NoSQL & Purpose-Built Databases

Module 11: NoSQL & Purpose-Built Databases

Track 3: Global Scale (6+ YoE)

Relational databases (PostgreSQL, MySQL) are remarkable general-purpose tools. But not every problem is best solved with tables, joins, and ACID transactions. NoSQL databases trade some relational features for specific strengths: massive write throughput, flexible schemas, graph traversals, or sub-millisecond lookups. This module covers each major NoSQL category, when to choose it, and when to combine multiple databases (polyglot persistence).

Why Not Just Use Postgres?

PostgreSQL can handle an astonishing range of workloads — JSONB, full-text search, pub/sub, even time-series with TimescaleDB. But it has fundamental limitations at extreme scale:

Write scalability: PostgreSQL has a single leader for writes.

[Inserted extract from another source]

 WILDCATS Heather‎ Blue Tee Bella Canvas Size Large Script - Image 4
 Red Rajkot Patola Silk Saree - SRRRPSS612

At millions of writes/sec, you need multi-leader or leaderless replication — which relational databases weren't designed for.
Schema rigidity: ALTER TABLE on a 500M-row table can lock it for minutes. If your data model evolves rapidly (e.g., user-generated content, IoT events), a schemaless store is faster to iterate with.
Access patterns: If you always read by primary key and never join, you're paying the overhead of a relational query planner for nothing. A key-value store is 10x simpler and faster.
Specialized queries: Graph traversals (6 degrees of separation), geospatial nearest-neighbor, full-text relevance ranking — each has purpose-built databases optimized for that specific operation.

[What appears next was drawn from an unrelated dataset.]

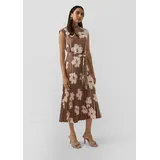 s.Oliver Midikleid Floralmuster Braun 44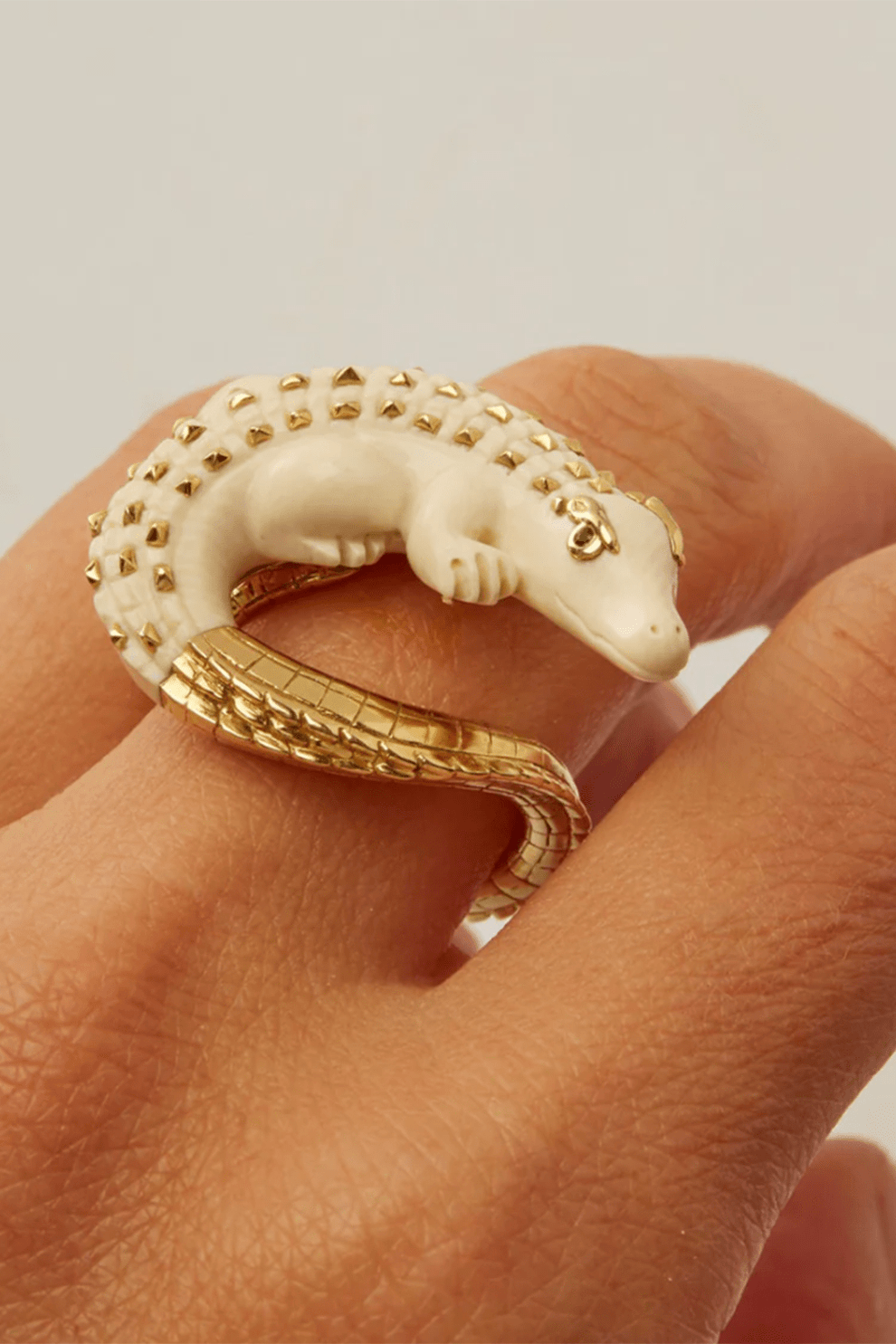 Mammoth Alligator Twist Ring | BIBI VAN DER VELDEN – Marissa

The Default Answer Is Still Relational

Start with PostgreSQL until you have a specific reason not to. Most applications never outgrow a well-tuned relational database. NoSQL is for when you've identified a specific access pattern or scale requirement that relational databases can't efficiently support.

Document Stores

Store data as self-contained JSON/BSON documents. Each document can have a different structure — no fixed schema. Queries can filter on any field, including nested objects and arrays.

MongoDB

The most popular document database. BSON storage, rich query language, aggregation pipeline, multi-document ACID transactions (since v4.0). Sharding via mongos router.

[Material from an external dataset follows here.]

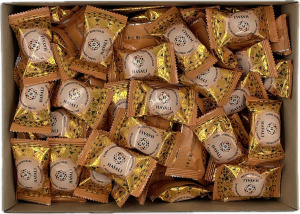 Хлопковые конфеты Халва Пашмак в бел.шок с апельсином 1кг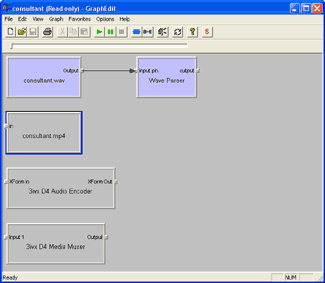 GraphEdit - Filters Inserted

Best for: Content management, user profiles, product catalogs, real-time analytics, rapid prototyping.

CouchDB / PouchDB

Built for offline-first architectures. Automatic conflict resolution with multi-version concurrency. PouchDB runs in the browser and syncs with CouchDB when online.

Best for: Mobile apps, offline-first PWAs, field data collection.

// MongoDB document — no fixed schema

{

"_id": ObjectId("507f1f77bcf86cd799439011"),

"name": "Alice",

"email": "alice@example.com",

"addresses": [ // Embedded array — no JOIN needed

{ "type": "home", "city": "SF", "zip": "94105" },

{ "type": "work", "city": "NYC", "zip": "10001" }

"metadata": { "signupSource": "referral", "tier": "premium" }

}

Key-Value Stores

The simplest data model: a hash map. GET(key) → value, SET(key, value). No queries by any field except the key. Extremely fast (sub-millisecond), horizontally scalable, and simple to operate.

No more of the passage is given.